(Extracted data begins)
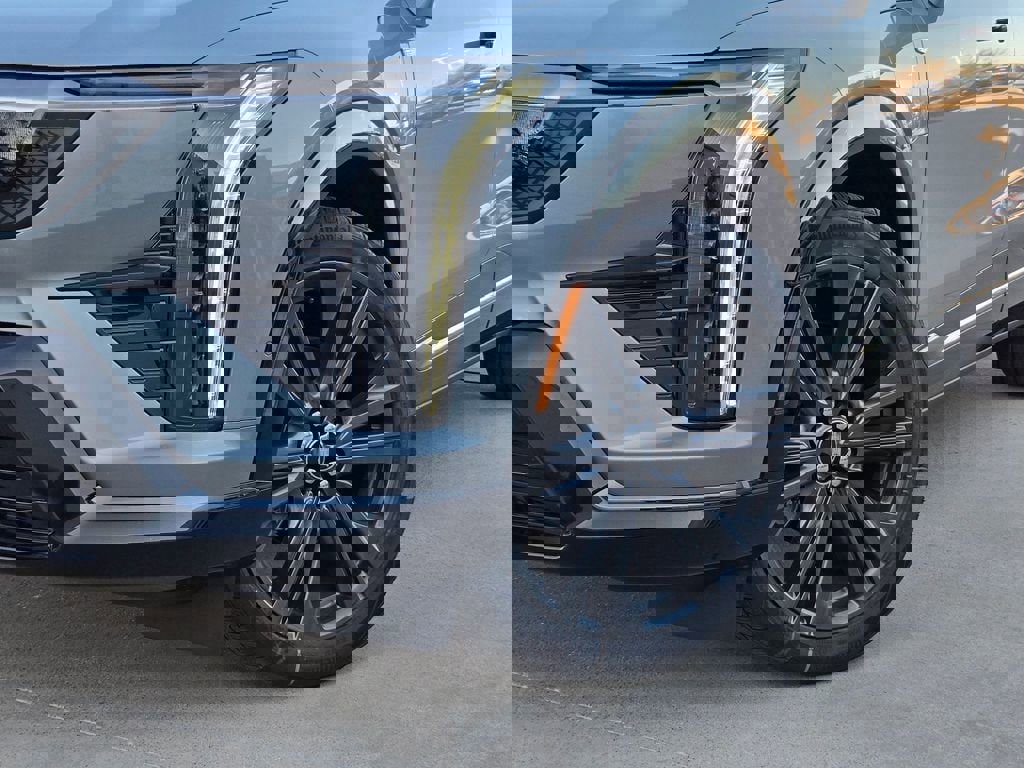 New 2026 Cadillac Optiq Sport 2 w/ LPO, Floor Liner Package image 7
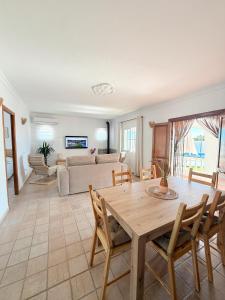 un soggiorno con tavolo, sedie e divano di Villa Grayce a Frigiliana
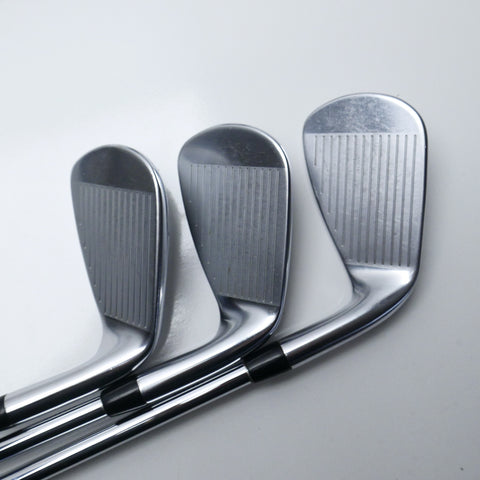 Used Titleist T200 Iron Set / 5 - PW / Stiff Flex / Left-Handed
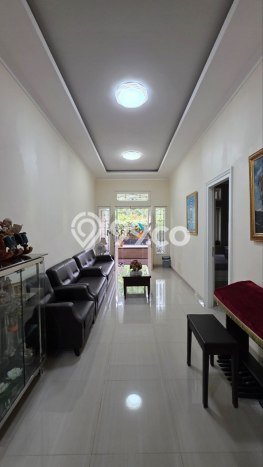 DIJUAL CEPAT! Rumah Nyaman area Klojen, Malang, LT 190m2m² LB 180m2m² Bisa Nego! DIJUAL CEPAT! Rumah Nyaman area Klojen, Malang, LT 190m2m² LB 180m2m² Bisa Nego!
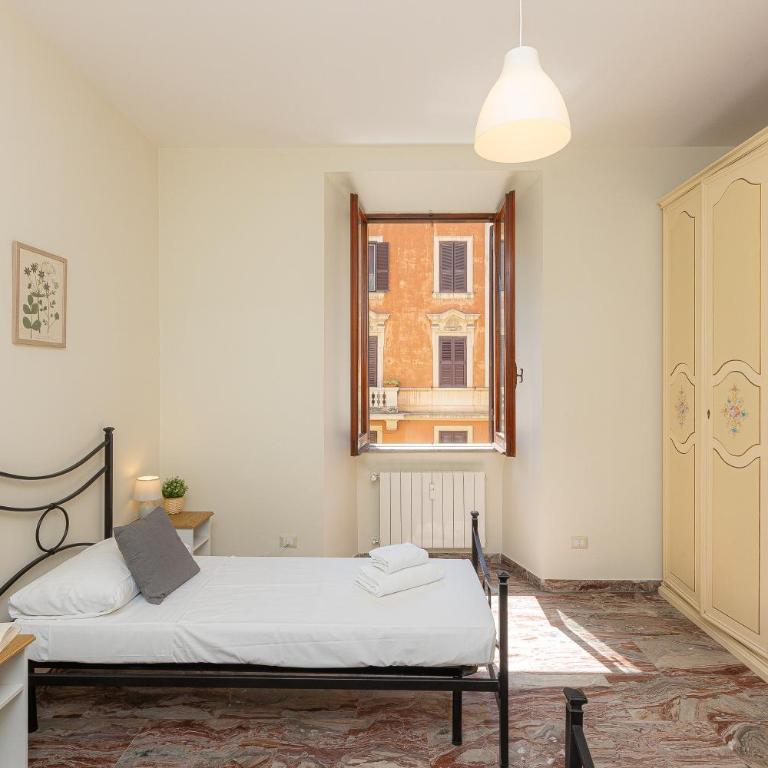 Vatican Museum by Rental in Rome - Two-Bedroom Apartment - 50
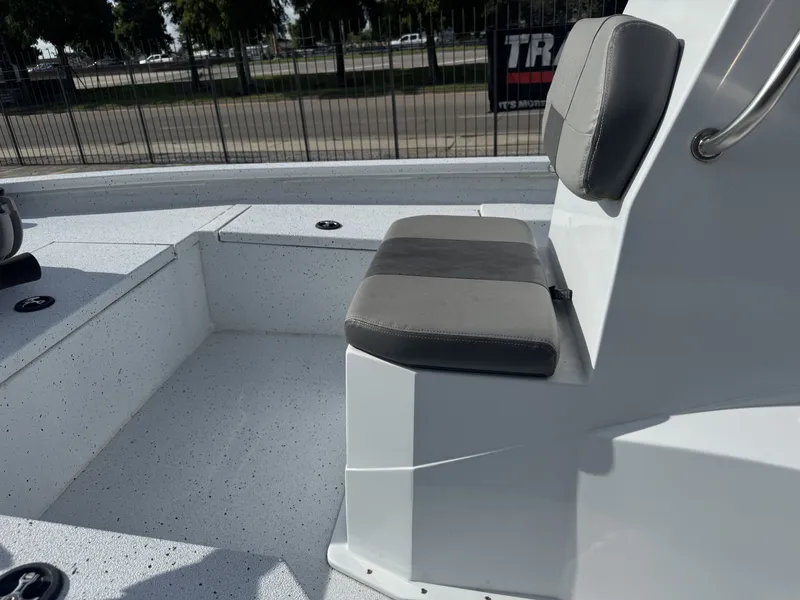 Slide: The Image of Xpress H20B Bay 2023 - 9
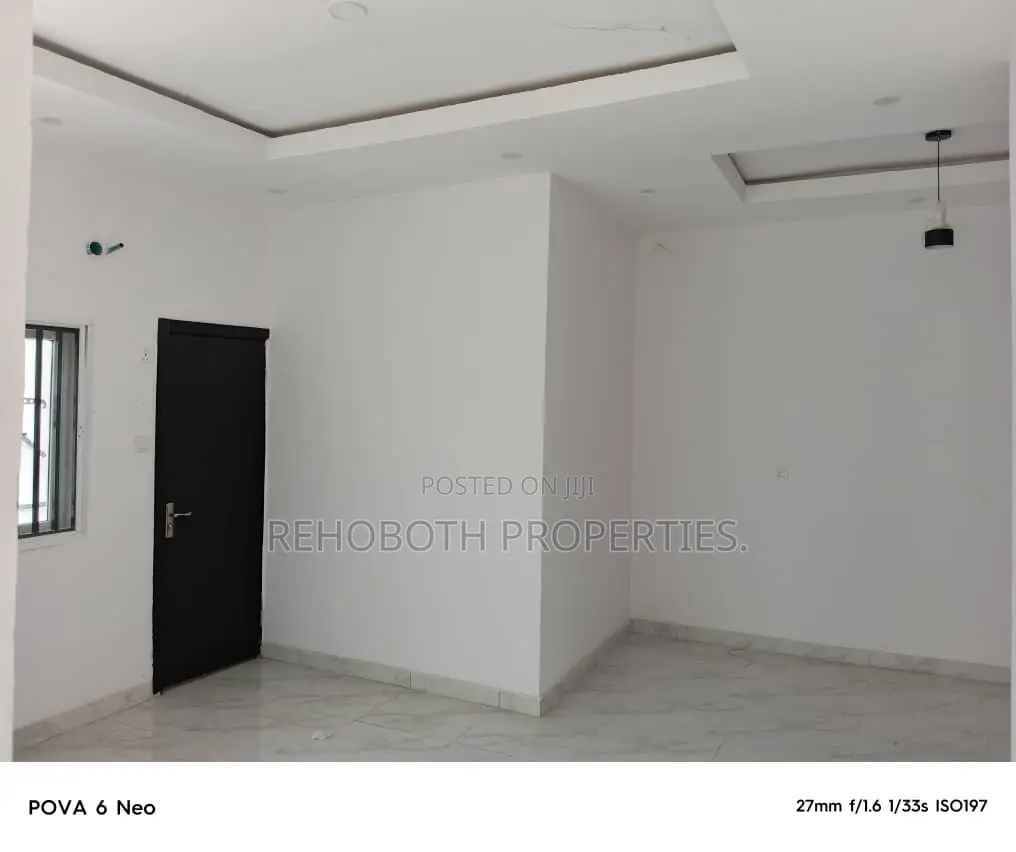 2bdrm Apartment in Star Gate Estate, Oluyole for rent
(Extracted data ends)
#### [Work required]
Your copy should hold only the lines from the line with "Vatican Museum by" through the end of the data above, both ends included, transcribed exactly and without pictures.

#### [Written answer]
 Vatican Museum by Rental in Rome - Two-Bedroom Apartment - 50
 Slide: The Image of Xpress H20B Bay 2023 - 9
 2bdrm Apartment in Star Gate Estate, Oluyole for rent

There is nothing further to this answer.